Some of the more seasoned politicians of the democratic parties, for example, Gábor Kuncze, reacted to Balázs Nemes’s November 17 speech rather heatedly on television. He objected to the speaker’s condemnation of the entire period between 1989 and 2014. ATV decided to have Kuncze meet Balázs Nemes and Petra Sára Kiss, another organizer of the group. On Sunday the three appeared on Antónia Mészáros’s “Szabad szemmel” program. It was a very informative twenty minutes. My conclusion was that it is unlikely that these particular young people will be the catalysts of regime change in Hungary.

My problem with them was not that they are inexperienced and somewhat ignorant of the political events of the last twenty-five years, but that they didn’t grasp Kuncze’s simple, logical explanation of why their ideas were fallacious. Although the conversation was about 20 minutes long, here I will concentrate on two points that Kuncze made. The first was his description of the difference between the first twenty and the last five years. The second was his emphasis on the necessity of parties and politicians.

The position of Nemes and Kiss was that the earlier governments did something so terribly wrong that it inevitably led to Fidesz’s illiberal governance.
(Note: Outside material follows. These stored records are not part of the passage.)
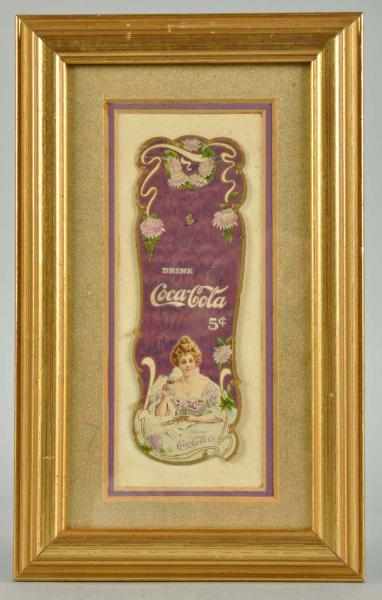 Appraisal: Embossed Cardboard Coca-Cola Bookmark Description Framed under glass Medium soiling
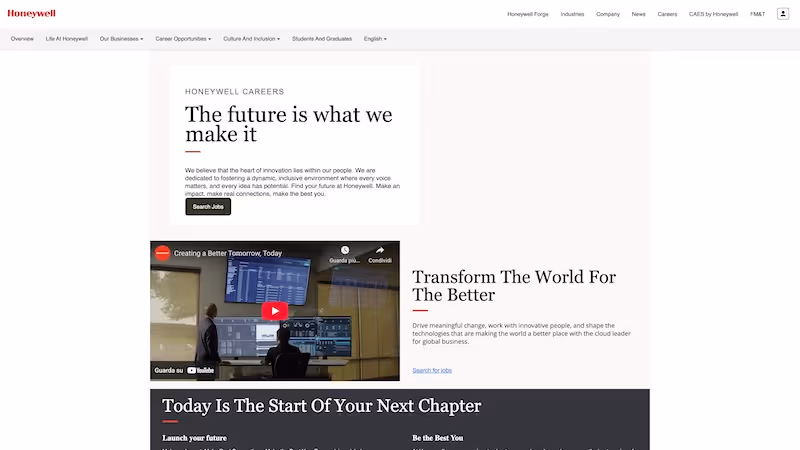 Screenshot of the official career page of Honeywell International
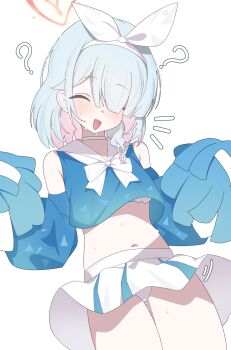 1girl :d ? ^_^ adapted_costume alternate_costume arona_(blue_archive) bikini blue_archive blue_hair blue_shirt blue_sleeves blush bow bowtie braid choker closed_eyes colored_inner_hair commentary cropped_shirt detached_sleeves from_below hair_intakes hair_over_one_eye halo hands_up heart heart_halo highres kanimiso30601 long_sleeves multicolored_hair navel open_mouth panties pantyshot pink_hair pleated_skirt pom_pom_(cheerleading) puffy_long_sleeves puffy_sleeves sailor_collar shirt short_hair single_braid skirt sleeveless sleeveless_shirt smile solo sweatdrop swimsuit symbol-only_commentary triangle_mouth two-tone_skirt underwear white_background white_bikini white_bow white_bowtie white_choker white_panties white_sailor_collar white_skirt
Kuncze’s position, on the other hand, was–which he tried to explain at least two different ways to no avail–that yes, past governments didn’t do a good job and the electorate punished them for their bad governance. They lost the election. The problem is not the two-thirds majority but what Fidesz did with it in parliament. In 1994 the MSZP-SZDSZ coalition had more than a two-thirds majority, but the Horn-Kuncze government did not change the constitution or the electoral law, did not appoint party hacks to the constitutional court, and did not build an illiberal state. When the people of Hungary voted for Fidesz, they did not anticipate what was coming. After all, Fidesz did not have a party program. In fact, Viktor Orbán said not a word about his plans. So, the present government’s governing style is not the necessary and inevitable result of the bad governance of earlier governments.
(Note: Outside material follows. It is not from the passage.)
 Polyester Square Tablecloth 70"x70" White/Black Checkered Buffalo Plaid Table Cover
I kept watching the faces of these two young people, and it seemed that they didn’t understand what Kuncze was getting at. Nemes muttered something about a “qualitative” difference between the earlier governments and the one today, but he didn’t grasp the essential difference between them. As for Petra Kiss, she, in my opinion, is even more hostile to everything that happened before 2010. She is also more naive about what one can achieve without parties and politicians. As Kuncze pointed out, if they want to remain involved then sooner or later either they will have to make peace with the present democratic opposition or they themselves will have to create parties. Kiss dreamily announced that for the time being they don’t want to do anything concrete. They just want young people to remain engaged. This is a fine idea, but surely it is not enough if these people are serious about sending the Orbán government packing. She also stressed that “there should be many, many parties,” as if she were totally ignorant of the current electoral law that precludes the existence of many small parties against the Fidesz monolith. All in all, I doubt that these two new stars of the November 17th demonstration will be ready by either 2016 or 2018 for serious roles in a new political constellation.

As for cooperation among the various groups, the prospects are not auspicious. The organizers of the demonstration against the internet tax refused to cooperate with the “We will not be silent!” group. Balázs Nemes was invited by the organizers of today’s demonstration but refused to participate. Meanwhile, their Facebook page is full of criticism of their position. Most of the comments talk about the necessity of cooperation between civic movements and parties. Some accuse the organizers of “not hearing the voice of the masses.” Or, “in my opinion this party neutrality is going in the wrong direction.” Critical comments don’t seem to make a dent on this group’s leaders.

I still think that these demonstrations are important and I’m also sure that some of these Young Turks will have political roles in the future, but I don’t think that Balázs Nemes and Petra Sára Kiss will be among them.